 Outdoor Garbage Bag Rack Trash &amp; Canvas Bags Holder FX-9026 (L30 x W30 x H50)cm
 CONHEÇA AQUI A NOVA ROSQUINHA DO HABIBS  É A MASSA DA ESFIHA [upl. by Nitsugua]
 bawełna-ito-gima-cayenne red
--
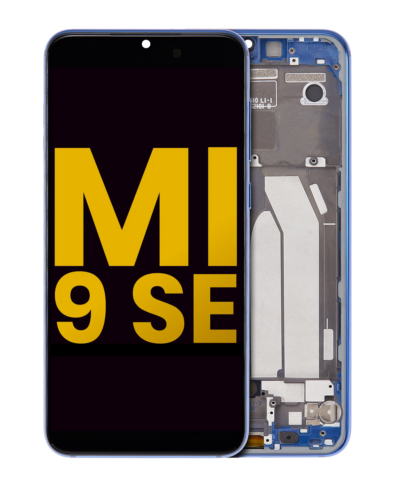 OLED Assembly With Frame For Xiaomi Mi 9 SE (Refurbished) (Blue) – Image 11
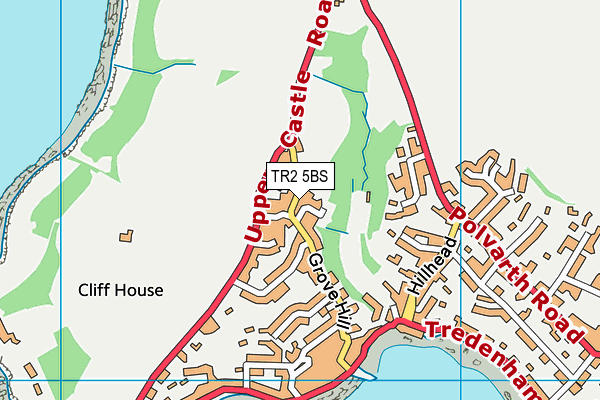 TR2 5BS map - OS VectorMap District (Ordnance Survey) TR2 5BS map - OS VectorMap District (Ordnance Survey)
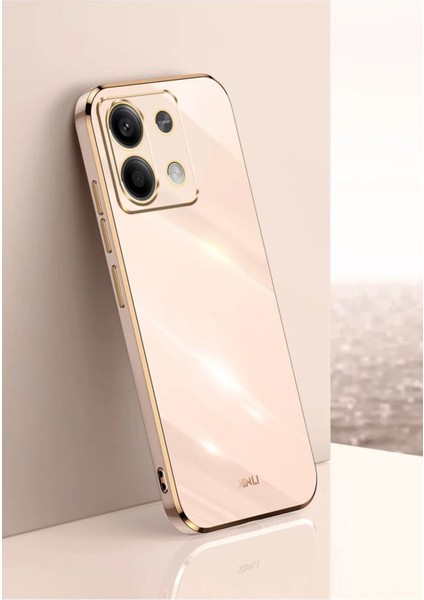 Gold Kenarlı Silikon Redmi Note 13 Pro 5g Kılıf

What this task involves:
Given the data above, transcribe exactly the lines from the one containing "CONHEÇA AQUI A" down to the one containing "bawełna-ito-gima-cayenne red", and no others.

The answer:
 CONHEÇA AQUI A NOVA ROSQUINHA DO HABIBS  É A MASSA DA ESFIHA [upl. by Nitsugua]
 bawełna-ito-gima-cayenne red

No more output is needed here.